María José Solano Franco: Reina Guillermina
Aguantó como una troyana bajo las flechas aqueas porque ni por un momento pensó ponérselo fácil al enemigo. Finalmente, rendida pero satisfecha, se tumbó a descansar sobre su escudo. Tu memoria, madre, no se perderá todavía

Guillermina Franco, el día de su boda –
COMENTARIO DE ARTURO PÉREZ-REVERTE EN X:
«Cuando palme, quiero que @mjsolanofranco me escriba una necrológica tan buena como ésta».
Doña Guillermina Franco nació en la Sevilla del 34, en el seno de una familia acomodada. Con una madre de ascendencia Orleans y procedencia novelesca y un padre culto y republicano, pronto aprendió a aburrirse en el colegio de pago, donde odiaba estar. Para ella era más divertido observar el ir y venir de los huéspedes de la fonda que regentaba su familia. Allí se pasaba los días, para desesperación de sus padres. Allí también aprendió todo lo importante de la vida: matemáticas, manejando las escasas pesetas de los clientes; lectura, en las columnas de Julio Camba; maneras de estar y vestir, en el Blanco y Negro; filosofía en las esquelas de ABC.
La guerra la vivió de lejos, y la posguerra muy de cerca. Esos duros años le enseñaron que el mundo se dividía entre los que como ella podían dormir en un colchón, y los que lo hacían en un saco de arpillera sobre el suelo. Allí, entre esa gente necesitada, se pasaba el día conversando, llevándoles lo que podía birlar de las cocinas, interesándose por sus vidas desgraciadas. Tiempo después, en el trasiego de los otros viajeros, esos que sí podían pagar una habitación con baño, conoció al amor de su vida; al padre de sus hijos. Era un forastero joven e interesante con pinta de torero guapo, maleta de madera y aires de señorito, que iba de paso. Ella tenía quince años. Imagino que fue un flechazo. Él se marchó, aunque tomando la precaución de comprar un billete de vuelta. Ella le dijo a su madre que se iba a casar con ese desconocido.

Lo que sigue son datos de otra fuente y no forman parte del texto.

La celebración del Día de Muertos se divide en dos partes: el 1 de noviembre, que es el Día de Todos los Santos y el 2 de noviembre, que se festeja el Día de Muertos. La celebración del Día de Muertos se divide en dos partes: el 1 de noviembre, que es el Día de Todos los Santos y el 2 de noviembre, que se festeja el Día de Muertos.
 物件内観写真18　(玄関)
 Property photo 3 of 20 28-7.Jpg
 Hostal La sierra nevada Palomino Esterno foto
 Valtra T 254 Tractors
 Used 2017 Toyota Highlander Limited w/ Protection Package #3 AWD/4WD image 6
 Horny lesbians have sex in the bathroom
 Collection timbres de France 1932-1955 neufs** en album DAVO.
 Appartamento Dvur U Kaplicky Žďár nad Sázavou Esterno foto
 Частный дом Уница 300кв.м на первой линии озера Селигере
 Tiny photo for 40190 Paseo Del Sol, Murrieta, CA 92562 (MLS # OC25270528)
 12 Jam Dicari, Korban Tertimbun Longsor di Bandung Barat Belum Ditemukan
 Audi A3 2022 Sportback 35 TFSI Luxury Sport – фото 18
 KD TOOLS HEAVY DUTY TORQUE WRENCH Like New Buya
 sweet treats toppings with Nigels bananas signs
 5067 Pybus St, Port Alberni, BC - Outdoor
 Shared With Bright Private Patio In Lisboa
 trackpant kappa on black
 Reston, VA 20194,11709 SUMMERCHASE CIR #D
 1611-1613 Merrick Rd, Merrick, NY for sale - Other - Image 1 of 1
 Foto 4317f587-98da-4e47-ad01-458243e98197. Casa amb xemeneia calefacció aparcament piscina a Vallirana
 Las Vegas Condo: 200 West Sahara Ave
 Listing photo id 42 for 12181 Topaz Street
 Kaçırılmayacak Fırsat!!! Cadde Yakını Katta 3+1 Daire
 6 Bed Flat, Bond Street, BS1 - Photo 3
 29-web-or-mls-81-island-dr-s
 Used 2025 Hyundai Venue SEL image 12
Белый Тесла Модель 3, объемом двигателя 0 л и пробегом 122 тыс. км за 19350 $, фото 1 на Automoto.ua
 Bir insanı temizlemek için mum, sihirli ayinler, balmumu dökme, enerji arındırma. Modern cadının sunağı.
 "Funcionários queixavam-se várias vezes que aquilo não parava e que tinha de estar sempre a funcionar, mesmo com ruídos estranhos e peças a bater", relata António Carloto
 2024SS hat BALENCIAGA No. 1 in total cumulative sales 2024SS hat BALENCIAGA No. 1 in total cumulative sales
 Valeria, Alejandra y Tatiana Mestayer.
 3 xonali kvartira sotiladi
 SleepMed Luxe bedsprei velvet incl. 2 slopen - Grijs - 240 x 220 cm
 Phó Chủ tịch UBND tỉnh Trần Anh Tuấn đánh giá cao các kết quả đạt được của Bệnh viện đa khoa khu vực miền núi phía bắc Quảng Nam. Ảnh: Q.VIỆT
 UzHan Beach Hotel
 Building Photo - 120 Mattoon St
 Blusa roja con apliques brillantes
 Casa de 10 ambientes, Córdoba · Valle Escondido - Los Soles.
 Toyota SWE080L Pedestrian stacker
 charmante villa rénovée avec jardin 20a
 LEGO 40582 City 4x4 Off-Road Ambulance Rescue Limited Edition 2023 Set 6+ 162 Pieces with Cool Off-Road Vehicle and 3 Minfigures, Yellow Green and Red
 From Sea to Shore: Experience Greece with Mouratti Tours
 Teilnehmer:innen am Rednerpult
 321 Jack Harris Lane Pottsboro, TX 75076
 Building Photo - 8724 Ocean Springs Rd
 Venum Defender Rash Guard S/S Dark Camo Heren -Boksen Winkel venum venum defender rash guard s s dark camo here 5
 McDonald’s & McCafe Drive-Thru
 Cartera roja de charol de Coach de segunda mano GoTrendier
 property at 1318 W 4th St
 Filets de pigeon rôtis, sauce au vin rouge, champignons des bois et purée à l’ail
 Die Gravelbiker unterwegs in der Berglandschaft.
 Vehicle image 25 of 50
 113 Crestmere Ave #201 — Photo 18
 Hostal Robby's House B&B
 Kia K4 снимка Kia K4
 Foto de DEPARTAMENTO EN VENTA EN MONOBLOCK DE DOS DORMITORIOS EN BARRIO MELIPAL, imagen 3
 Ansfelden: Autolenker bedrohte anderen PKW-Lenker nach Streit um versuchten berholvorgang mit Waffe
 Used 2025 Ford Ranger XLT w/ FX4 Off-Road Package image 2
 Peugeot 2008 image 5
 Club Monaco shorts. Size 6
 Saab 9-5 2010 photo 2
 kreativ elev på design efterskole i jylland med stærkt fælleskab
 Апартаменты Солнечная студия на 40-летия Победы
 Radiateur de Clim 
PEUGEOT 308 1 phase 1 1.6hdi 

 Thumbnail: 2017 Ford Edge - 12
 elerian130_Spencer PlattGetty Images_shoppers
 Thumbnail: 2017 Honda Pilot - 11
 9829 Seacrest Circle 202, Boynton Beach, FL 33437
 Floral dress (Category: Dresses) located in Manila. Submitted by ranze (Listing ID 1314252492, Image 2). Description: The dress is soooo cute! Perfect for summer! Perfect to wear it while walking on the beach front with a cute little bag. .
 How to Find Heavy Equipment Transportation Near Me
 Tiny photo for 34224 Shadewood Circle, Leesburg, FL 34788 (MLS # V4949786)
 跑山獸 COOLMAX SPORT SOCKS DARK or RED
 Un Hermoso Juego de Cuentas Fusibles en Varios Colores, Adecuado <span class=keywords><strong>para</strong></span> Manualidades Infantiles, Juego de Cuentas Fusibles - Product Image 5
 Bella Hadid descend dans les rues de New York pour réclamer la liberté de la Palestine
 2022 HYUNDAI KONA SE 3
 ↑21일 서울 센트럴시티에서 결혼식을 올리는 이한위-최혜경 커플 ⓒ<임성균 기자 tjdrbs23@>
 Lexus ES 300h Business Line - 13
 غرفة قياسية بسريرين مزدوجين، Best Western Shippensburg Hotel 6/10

De nada sirvieron las prohibiciones y los castigos de un padre desesperado porque se le iba su única hija. Cuando cumplió la mayoría de edad, se casaron por la iglesia una magnífica mañana de otoño, ella luciendo un vestido negro de raso que su costurera copió de un modelo de Balenciaga. Compartieron una vida llena de viajes, casas hermosas, seis hijos, seis nietos y muchos amigos. Él murió con casi cien años, de muerte natural. Ella a los 91 decidió que ya era demasiada vida, y se preparó con energía para la última batalla.
Aguantó como una troyana bajo las flechas aqueas porque ni por un momento pensó ponérselo fácil al enemigo. Finalmente, rendida pero satisfecha, se tumbó a descansar sobre su escudo. Tu memoria, madre, no se perderá todavía.